■ **TASK GOAL**: Write out the records beneath this line exactly as they appear, minus any images.

======== MATERIAL FOR THIS TASK

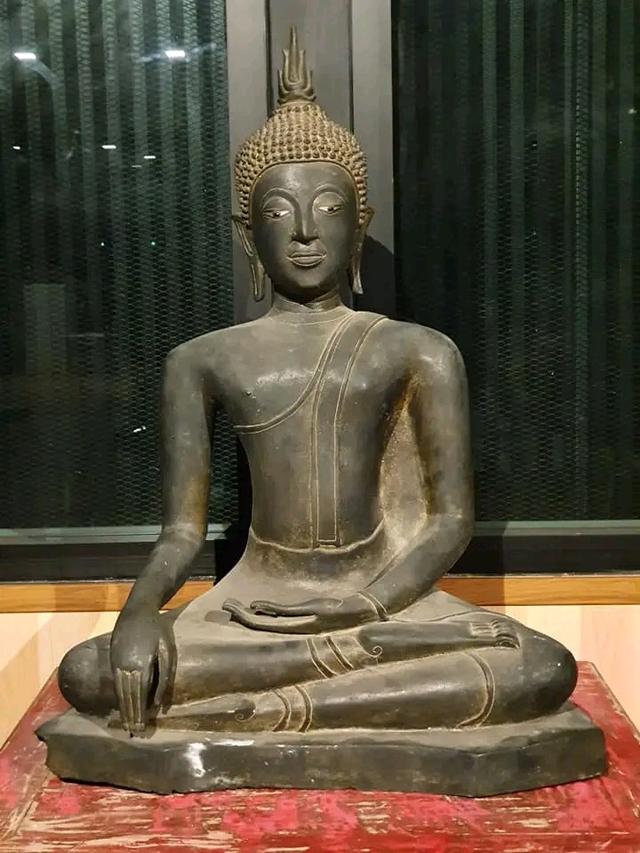 พระบูชาเก่า  9 นิ้ว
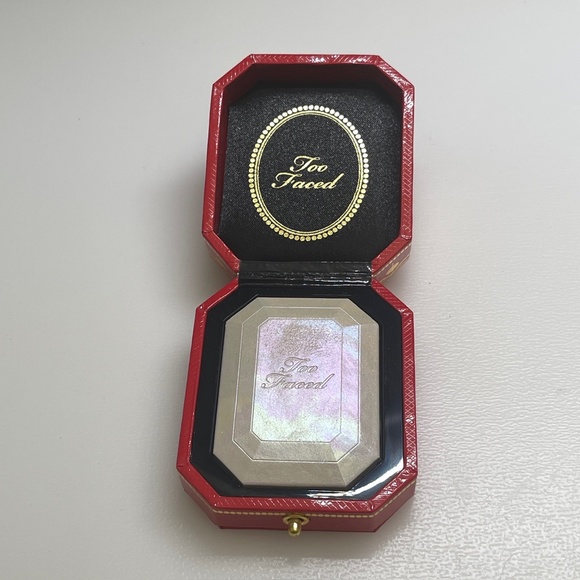 Too Faced YEAR OF THE RAT Diamond Fire Highlighter 0.42 oz - Picture 4 of 5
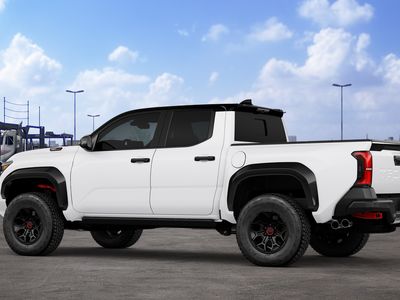 2026 Toyota Tacoma i-FORCE MAX - Photo 7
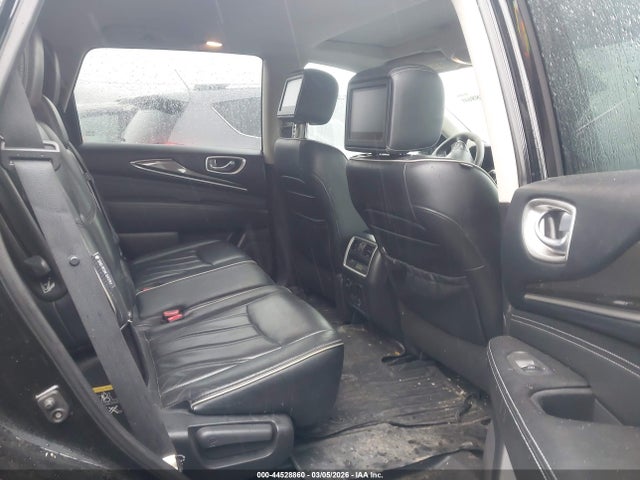 INFINITI Qx Luxe
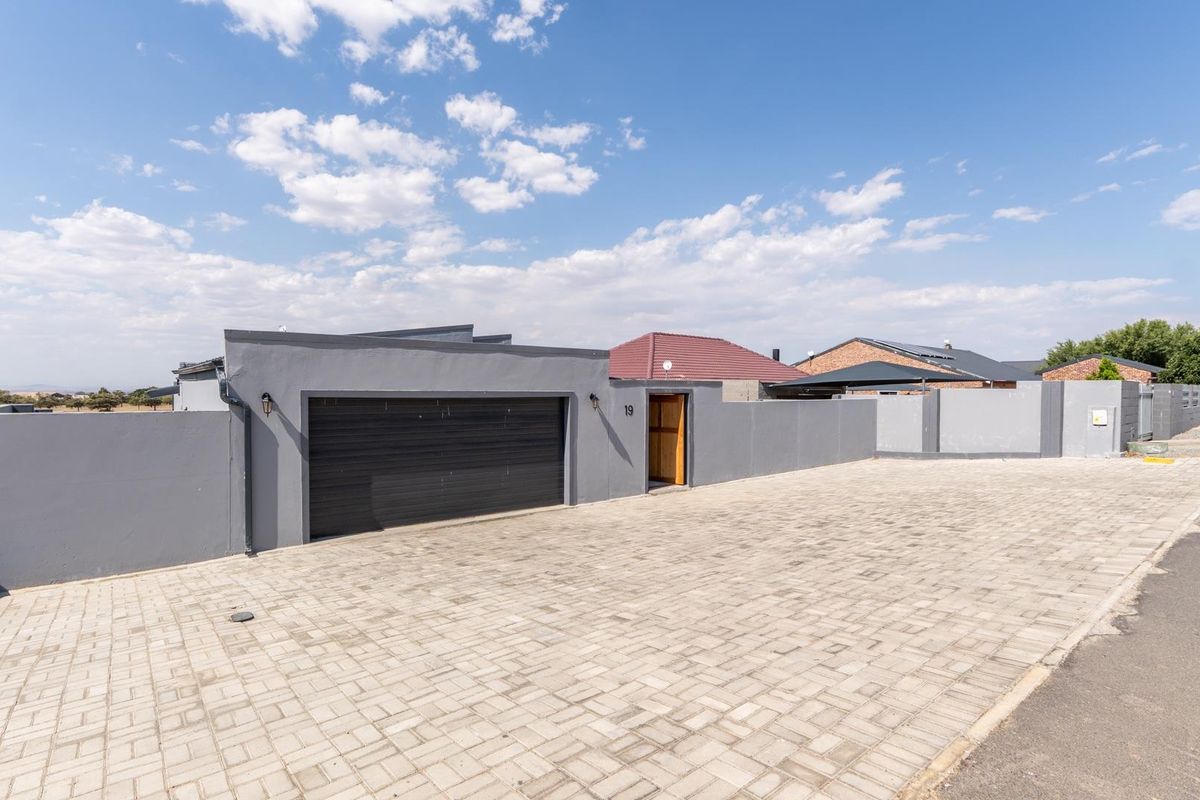 WIDE OPEN SPACES - Photo 2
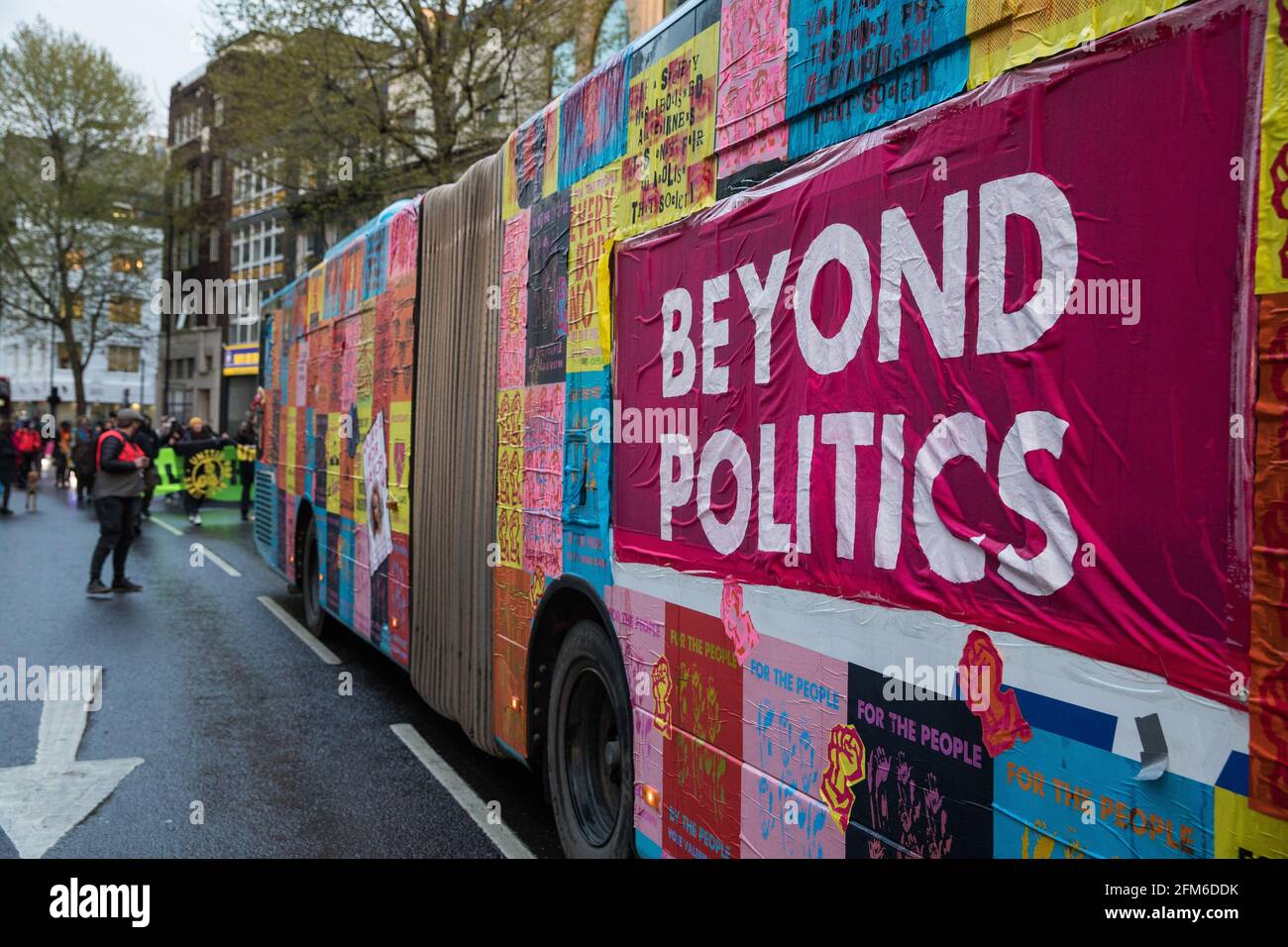 Londra, Regno Unito. 5 maggio 2021. Attivisti di gruppi tra cui Kill the Bill e United for Black Lives (UBL) prendono parte a una marcia sull'autostrada organizzata da Burning Pink in coincidenza con la vigilia delle elezioni mayoral di Londra. Burning Pink è un partito politico radicale che si batte per un'azione rapida per combattere l'emergenza climatica attraverso la creazione di assemblee di cittadini e il suo candidato Valerie Brown è in carica per il sindaco di Londra. Gli attivisti hanno marciato da un raduno nella chiesa di St Pancras a Westway, dove sono stati intercettati dalla polizia.Credit: Mark Kerrison/Alamy Live News Foto Stock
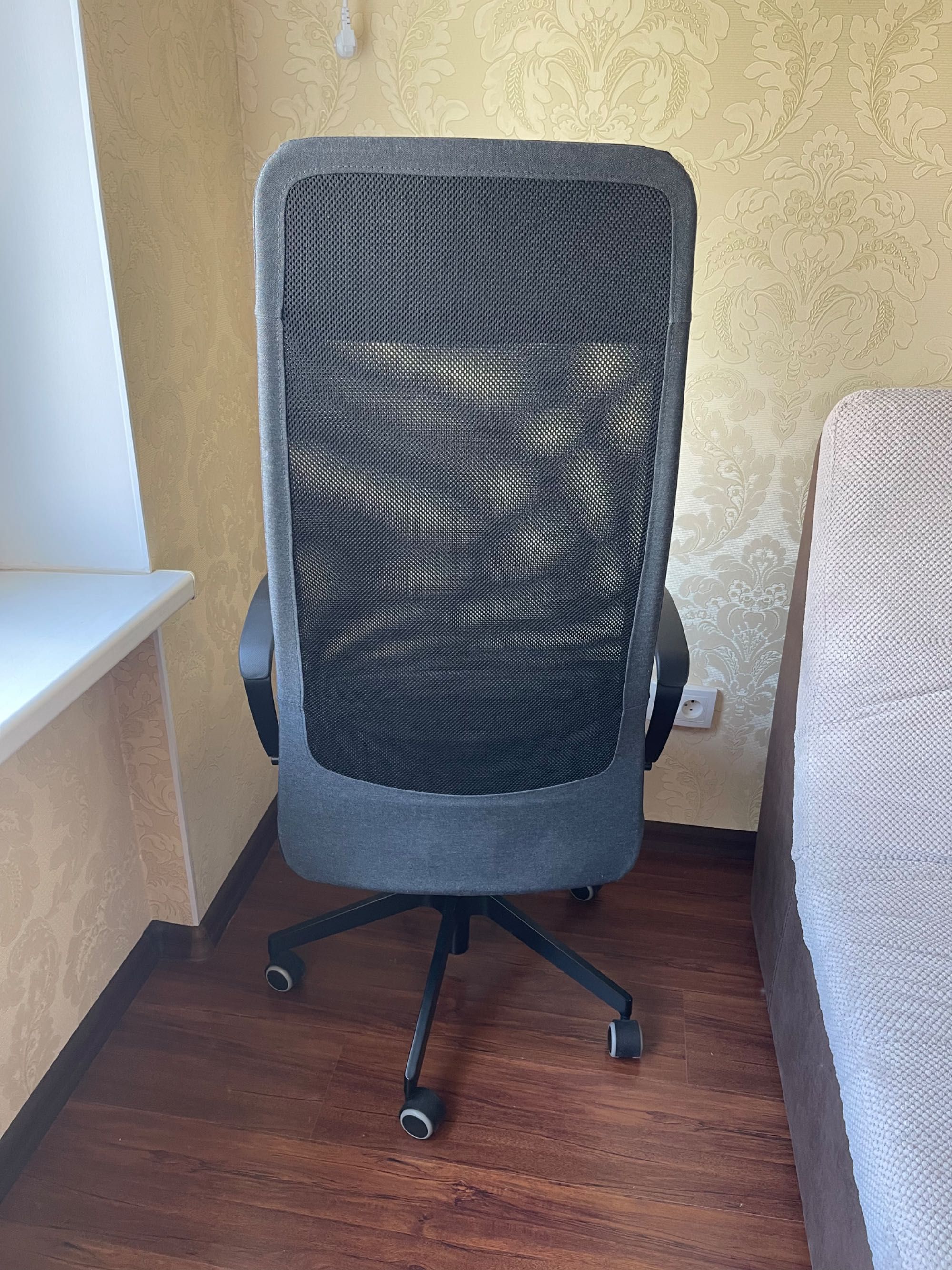 Продам новое кресло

================

■ **RESULT BELOW**:
 พระบูชาเก่า  9 นิ้ว
 Too Faced YEAR OF THE RAT Diamond Fire Highlighter 0.42 oz - Picture 4 of 5
 2026 Toyota Tacoma i-FORCE MAX - Photo 7
 INFINITI Qx Luxe
 WIDE OPEN SPACES - Photo 2
 Londra, Regno Unito. 5 maggio 2021. Attivisti di gruppi tra cui Kill the Bill e United for Black Lives (UBL) prendono parte a una marcia sull'autostrada organizzata da Burning Pink in coincidenza con la vigilia delle elezioni mayoral di Londra. Burning Pink è un partito politico radicale che si batte per un'azione rapida per combattere l'emergenza climatica attraverso la creazione di assemblee di cittadini e il suo candidato Valerie Brown è in carica per il sindaco di Londra. Gli attivisti hanno marciato da un raduno nella chiesa di St Pancras a Westway, dove sono stati intercettati dalla polizia.Credit: Mark Kerrison/Alamy Live News Foto Stock
 Продам новое кресло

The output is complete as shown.